Congressman questions the test scores of two female Rangers
The controversy surround women in ranger school.
A group of female West Point graduates has turned the tables on Oklahoma congressman Steve Russell, asking the Army to turn over his Ranger records.
The request from Russell comes almost four weeks after Capt. Kristen Griest, a military police officer, and 1st Lt.
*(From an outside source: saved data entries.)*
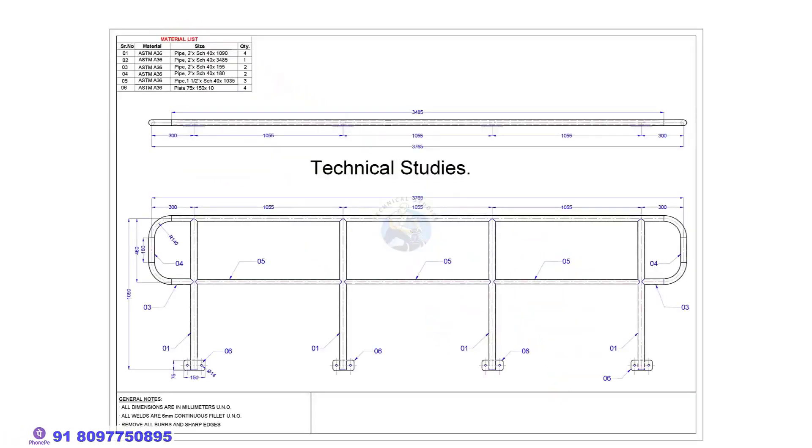This is the drawing of our handrail. If you need this drawing, you can download it. The link is given in the description.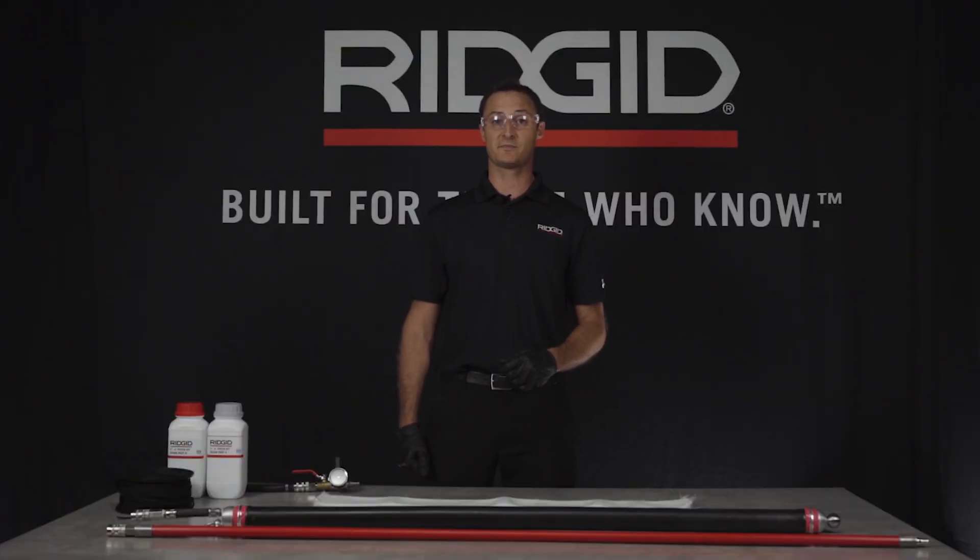If you have any questions on the Rigid pipe patching systems, please visit Rigid.com or contact your local Rigid dealer.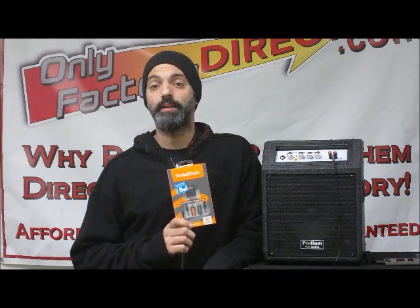Hi, this is Scott with OnlyFactory Direct, and I'm here today to talk to you about a really great product from SendStation. The company is called SendStation and the item is called the Pocket Dock.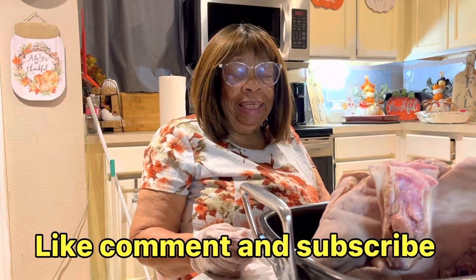Good morning, everybody. This is Ms. Lena from Ms. Lena's Kitchen, and I have a surprise.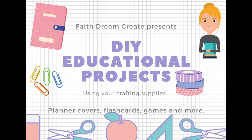Hello, this is Annalisa from Faith Dream Create and welcome back to my channel. Today I have another educational project for you using the gel press.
Shaye Haver, an attack helicopter pilot, became the first women to graduate from the Army’s most demanding combat training school, which was established in 1951.
According to an exclusive story in People Magazine, the congressman has given the Pentagon until Friday to hand over the test scores and other documents related to their training.
She compared what is happening now with the questioning of the women who have attended and completed Ranger School with what she and her West Point classmates endured.
The Ranger School prepares members of the Armed Forces to serve as leaders and members of elite combat forces tasked with dismounted infantry, airborne, airmobile, amphibious, and independent squad and platoon size operations. “Ranger instructors and their leaders are known for their integrity but somehow when women pass the standard that integrity is no longer respected”. “As one of only two Ranger-qualified members of the House, I asked for the records to determine the nature of the allegations”.
The criticism online and in social media has been so persistent that Maj.
Russell also cited his own experience in Ranger School. “Standards remain the same”, Miller said. “A 12-mile march is still a 12-mile march”.
The West Point women say the Ranger’s Code is similar to West Point, adding that the congressman’s implication that the female Rangers were in some way dishonest goes against their core values. But the letter to McHugh specifically asks for information on “the female graduates and those female candidates that entered Ranger School May 1”.
“One of the reasons you’re seeing such strong reaction from West Point women is that the arguments being made and the objections being raised are the same stuff that we have heard for decades”, Fulton said.